● Task description: Please take the records that follow and repeat exactly the lines starting with the line with "Deportivo Cali | Colombia. (Foto: Agencias)" and going on through the line with "Pás upínací 25mm x 1,8m nosnost 250kg".

● Task material:
^^^^^^^^^^^^^^^^

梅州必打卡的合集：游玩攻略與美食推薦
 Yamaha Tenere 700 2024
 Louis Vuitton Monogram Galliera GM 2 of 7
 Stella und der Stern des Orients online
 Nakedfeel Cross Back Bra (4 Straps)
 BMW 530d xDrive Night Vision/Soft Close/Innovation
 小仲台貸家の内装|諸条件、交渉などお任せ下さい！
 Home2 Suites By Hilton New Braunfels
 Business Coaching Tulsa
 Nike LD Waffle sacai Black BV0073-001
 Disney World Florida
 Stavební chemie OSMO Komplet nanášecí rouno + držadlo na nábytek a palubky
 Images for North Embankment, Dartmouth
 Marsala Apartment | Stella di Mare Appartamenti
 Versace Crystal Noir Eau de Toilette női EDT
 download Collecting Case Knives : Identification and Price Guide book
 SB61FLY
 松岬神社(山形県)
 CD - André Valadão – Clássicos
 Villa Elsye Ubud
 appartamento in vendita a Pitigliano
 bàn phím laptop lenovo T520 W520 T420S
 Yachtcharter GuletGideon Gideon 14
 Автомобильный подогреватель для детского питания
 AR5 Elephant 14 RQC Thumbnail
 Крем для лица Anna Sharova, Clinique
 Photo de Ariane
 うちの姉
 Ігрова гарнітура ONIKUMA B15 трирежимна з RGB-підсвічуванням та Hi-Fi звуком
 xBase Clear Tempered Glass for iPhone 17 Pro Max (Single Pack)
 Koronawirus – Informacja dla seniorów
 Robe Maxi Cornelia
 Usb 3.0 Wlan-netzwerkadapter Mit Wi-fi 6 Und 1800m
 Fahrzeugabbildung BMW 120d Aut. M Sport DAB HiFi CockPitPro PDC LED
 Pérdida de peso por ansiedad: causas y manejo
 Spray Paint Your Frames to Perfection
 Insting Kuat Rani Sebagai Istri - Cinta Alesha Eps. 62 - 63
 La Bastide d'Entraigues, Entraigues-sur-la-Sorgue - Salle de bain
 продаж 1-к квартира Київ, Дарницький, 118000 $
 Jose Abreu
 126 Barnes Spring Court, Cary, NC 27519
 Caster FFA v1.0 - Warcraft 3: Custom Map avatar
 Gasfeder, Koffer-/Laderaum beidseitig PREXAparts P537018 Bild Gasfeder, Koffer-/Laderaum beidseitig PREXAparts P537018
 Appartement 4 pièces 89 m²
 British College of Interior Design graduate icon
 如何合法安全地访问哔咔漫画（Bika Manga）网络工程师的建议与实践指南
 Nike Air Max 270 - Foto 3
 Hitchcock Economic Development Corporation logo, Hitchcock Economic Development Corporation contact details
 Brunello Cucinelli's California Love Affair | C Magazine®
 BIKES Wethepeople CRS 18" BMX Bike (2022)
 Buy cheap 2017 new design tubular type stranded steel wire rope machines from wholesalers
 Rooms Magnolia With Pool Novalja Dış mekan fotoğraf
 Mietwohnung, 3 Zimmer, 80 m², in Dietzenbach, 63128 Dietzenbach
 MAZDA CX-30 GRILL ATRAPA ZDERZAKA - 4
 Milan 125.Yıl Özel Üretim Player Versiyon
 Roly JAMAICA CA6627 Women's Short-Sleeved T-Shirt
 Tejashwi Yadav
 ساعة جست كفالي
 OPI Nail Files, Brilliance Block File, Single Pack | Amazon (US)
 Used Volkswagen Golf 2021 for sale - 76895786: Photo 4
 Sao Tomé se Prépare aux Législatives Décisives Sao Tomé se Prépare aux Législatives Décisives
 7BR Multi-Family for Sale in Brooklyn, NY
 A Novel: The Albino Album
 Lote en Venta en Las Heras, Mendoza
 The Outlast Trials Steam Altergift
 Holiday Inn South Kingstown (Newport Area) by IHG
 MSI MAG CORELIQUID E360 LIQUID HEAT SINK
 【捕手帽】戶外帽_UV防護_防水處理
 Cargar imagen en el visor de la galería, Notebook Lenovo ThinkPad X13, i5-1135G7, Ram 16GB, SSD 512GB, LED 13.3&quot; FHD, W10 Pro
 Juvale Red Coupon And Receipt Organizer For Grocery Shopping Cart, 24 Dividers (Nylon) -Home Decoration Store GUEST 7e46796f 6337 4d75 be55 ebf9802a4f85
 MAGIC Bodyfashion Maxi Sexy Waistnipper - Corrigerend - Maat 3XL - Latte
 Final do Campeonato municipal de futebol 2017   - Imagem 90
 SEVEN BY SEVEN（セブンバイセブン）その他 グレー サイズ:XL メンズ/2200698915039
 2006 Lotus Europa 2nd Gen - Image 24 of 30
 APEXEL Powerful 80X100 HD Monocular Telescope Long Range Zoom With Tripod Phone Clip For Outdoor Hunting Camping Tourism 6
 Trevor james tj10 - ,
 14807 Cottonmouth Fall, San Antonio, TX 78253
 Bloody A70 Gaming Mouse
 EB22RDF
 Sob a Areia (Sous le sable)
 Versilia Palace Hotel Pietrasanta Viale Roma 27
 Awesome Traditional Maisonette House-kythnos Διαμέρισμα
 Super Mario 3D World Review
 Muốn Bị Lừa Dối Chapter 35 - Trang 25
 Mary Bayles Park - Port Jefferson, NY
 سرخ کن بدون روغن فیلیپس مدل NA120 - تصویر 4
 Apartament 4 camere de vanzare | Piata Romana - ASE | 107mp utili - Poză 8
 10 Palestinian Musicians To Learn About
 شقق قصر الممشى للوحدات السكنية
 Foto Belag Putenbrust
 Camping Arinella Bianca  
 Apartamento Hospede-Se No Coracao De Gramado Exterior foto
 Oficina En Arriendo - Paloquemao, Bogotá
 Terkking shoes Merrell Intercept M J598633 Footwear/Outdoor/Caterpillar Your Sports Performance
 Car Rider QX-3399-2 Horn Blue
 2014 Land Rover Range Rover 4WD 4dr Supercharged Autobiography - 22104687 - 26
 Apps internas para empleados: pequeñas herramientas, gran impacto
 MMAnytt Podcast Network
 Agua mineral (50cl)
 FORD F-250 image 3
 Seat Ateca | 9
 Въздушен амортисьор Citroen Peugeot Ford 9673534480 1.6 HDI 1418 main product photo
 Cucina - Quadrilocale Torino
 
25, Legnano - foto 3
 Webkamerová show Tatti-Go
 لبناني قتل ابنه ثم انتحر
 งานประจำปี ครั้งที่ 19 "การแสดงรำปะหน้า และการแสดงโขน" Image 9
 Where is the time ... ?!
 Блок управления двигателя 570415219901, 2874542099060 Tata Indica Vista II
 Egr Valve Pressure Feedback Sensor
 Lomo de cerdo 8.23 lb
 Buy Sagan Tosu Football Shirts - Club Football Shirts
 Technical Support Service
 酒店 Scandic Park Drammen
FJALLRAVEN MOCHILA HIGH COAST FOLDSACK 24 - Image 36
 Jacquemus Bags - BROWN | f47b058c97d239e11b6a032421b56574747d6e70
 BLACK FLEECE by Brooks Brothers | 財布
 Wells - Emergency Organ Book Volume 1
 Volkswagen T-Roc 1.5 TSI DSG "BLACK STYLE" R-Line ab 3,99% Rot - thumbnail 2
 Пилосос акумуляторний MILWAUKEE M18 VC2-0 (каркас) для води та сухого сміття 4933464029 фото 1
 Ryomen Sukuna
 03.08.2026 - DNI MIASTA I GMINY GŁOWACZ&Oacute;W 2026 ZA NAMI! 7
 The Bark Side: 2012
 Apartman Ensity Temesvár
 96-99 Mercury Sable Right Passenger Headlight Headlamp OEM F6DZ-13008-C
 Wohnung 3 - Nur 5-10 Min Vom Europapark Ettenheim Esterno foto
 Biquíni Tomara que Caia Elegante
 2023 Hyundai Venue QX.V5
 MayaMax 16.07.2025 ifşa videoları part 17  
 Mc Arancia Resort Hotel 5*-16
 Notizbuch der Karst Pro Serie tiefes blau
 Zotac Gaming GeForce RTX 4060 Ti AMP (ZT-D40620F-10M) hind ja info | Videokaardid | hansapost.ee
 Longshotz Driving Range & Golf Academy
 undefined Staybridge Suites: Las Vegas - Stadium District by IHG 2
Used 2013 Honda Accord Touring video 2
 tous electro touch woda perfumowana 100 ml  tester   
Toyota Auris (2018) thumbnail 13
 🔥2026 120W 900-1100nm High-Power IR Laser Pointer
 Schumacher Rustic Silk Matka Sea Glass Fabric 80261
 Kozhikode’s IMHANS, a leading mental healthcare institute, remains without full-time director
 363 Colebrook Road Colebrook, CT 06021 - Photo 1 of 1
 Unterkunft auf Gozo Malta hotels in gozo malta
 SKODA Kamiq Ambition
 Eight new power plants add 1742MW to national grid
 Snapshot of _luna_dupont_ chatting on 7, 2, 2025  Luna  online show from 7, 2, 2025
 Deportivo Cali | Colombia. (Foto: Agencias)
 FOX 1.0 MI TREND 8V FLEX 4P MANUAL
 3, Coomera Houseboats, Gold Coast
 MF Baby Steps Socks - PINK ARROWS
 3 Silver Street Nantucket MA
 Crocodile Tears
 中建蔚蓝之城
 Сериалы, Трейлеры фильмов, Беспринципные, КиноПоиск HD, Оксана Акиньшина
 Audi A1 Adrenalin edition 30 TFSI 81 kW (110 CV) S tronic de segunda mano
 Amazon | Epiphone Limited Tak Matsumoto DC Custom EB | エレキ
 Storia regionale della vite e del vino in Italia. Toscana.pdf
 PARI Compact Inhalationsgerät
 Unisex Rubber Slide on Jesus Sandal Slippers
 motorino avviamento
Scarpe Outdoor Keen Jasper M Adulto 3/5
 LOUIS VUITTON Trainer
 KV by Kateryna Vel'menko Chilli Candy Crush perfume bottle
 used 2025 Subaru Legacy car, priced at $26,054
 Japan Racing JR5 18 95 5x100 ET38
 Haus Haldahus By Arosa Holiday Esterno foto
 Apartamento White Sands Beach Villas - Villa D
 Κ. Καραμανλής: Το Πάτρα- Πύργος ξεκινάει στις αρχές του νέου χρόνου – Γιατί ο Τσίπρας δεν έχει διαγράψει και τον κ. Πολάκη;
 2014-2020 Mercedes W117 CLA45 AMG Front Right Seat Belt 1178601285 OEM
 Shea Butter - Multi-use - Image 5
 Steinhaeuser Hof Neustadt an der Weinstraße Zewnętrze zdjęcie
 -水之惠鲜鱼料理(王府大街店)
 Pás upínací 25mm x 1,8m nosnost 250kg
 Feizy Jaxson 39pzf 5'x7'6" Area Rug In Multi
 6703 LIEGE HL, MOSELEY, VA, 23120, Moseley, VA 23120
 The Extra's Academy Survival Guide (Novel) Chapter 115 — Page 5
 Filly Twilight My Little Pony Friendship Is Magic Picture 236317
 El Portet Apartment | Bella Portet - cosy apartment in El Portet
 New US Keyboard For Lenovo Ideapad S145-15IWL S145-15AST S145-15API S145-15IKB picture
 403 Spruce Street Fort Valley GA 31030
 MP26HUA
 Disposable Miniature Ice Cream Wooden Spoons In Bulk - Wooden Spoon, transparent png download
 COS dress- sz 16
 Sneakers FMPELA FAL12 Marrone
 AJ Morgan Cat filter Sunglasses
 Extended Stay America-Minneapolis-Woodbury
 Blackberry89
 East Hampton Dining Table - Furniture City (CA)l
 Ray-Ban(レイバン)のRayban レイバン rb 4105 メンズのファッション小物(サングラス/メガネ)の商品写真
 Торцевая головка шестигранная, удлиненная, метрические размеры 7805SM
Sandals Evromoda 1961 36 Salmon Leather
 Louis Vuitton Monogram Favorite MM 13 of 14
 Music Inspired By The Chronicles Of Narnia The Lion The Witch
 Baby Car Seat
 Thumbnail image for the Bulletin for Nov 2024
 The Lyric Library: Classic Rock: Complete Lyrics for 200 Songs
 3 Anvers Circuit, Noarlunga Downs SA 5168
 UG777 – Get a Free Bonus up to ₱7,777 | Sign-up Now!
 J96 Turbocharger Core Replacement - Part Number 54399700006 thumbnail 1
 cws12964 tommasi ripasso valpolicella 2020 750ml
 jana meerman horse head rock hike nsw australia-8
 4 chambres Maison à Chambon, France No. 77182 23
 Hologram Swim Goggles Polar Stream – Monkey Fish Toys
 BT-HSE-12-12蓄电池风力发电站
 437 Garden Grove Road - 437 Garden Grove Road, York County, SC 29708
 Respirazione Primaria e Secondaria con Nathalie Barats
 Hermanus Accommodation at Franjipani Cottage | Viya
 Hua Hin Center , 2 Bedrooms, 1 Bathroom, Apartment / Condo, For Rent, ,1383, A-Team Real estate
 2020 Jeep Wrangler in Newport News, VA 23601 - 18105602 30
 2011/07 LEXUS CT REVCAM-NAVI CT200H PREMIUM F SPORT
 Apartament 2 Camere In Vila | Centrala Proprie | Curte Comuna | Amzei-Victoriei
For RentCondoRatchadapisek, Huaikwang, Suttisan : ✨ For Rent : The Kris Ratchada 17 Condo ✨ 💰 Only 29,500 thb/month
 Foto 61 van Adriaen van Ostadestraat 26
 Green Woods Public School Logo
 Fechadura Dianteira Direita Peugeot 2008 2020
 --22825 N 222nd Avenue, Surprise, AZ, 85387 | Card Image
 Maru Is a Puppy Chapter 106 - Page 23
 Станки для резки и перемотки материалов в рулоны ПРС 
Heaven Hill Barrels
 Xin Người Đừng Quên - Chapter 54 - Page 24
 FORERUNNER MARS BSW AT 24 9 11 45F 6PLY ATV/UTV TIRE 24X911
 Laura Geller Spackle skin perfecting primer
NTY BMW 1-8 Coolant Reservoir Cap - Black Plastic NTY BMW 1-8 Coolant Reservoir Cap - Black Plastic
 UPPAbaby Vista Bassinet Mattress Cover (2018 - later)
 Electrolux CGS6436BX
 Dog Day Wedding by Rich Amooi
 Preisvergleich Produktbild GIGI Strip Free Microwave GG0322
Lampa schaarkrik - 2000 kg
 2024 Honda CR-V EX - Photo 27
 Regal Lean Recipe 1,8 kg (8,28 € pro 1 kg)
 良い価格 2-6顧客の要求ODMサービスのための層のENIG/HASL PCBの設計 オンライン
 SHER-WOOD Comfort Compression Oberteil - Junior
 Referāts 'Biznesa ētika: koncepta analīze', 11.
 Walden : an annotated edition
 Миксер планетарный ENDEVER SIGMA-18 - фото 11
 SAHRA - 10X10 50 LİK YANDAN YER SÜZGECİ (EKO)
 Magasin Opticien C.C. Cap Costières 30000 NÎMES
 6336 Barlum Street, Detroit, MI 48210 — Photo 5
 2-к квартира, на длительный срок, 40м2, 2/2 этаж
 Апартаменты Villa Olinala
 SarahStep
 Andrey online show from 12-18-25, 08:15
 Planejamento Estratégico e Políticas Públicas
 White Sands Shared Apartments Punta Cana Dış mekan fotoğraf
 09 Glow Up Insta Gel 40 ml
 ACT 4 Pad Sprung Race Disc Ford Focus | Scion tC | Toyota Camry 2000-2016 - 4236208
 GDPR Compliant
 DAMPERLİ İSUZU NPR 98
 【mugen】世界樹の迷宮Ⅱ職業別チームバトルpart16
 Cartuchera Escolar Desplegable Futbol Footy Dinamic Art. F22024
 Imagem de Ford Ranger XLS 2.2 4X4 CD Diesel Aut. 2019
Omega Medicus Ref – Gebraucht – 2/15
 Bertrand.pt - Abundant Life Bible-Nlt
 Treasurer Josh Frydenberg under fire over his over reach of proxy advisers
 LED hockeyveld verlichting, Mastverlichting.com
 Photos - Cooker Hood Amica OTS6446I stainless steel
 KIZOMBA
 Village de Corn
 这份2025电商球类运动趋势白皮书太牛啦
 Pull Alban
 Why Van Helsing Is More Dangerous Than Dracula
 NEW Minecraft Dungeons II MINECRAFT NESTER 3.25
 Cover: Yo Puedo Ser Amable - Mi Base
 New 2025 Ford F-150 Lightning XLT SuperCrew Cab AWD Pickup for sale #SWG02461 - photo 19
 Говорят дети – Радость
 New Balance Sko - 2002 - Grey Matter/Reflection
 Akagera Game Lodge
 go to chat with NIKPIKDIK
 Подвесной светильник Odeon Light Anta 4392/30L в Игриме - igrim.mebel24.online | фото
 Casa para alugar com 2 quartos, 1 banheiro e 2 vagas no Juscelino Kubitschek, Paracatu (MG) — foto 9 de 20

^^^^^^^^^^^^^^^^

● Task solution:
 Deportivo Cali | Colombia. (Foto: Agencias)
 FOX 1.0 MI TREND 8V FLEX 4P MANUAL
 3, Coomera Houseboats, Gold Coast
 MF Baby Steps Socks - PINK ARROWS
 3 Silver Street Nantucket MA
 Crocodile Tears
 中建蔚蓝之城
 Сериалы, Трейлеры фильмов, Беспринципные, КиноПоиск HD, Оксана Акиньшина
 Audi A1 Adrenalin edition 30 TFSI 81 kW (110 CV) S tronic de segunda mano
 Amazon | Epiphone Limited Tak Matsumoto DC Custom EB | エレキ
 Storia regionale della vite e del vino in Italia. Toscana.pdf
 PARI Compact Inhalationsgerät
 Unisex Rubber Slide on Jesus Sandal Slippers
 motorino avviamento
Scarpe Outdoor Keen Jasper M Adulto 3/5
 LOUIS VUITTON Trainer
 KV by Kateryna Vel'menko Chilli Candy Crush perfume bottle
 used 2025 Subaru Legacy car, priced at $26,054
 Japan Racing JR5 18 95 5x100 ET38
 Haus Haldahus By Arosa Holiday Esterno foto
 Apartamento White Sands Beach Villas - Villa D
 Κ. Καραμανλής: Το Πάτρα- Πύργος ξεκινάει στις αρχές του νέου χρόνου – Γιατί ο Τσίπρας δεν έχει διαγράψει και τον κ. Πολάκη;
 2014-2020 Mercedes W117 CLA45 AMG Front Right Seat Belt 1178601285 OEM
 Shea Butter - Multi-use - Image 5
 Steinhaeuser Hof Neustadt an der Weinstraße Zewnętrze zdjęcie
 -水之惠鲜鱼料理(王府大街店)
 Pás upínací 25mm x 1,8m nosnost 250kg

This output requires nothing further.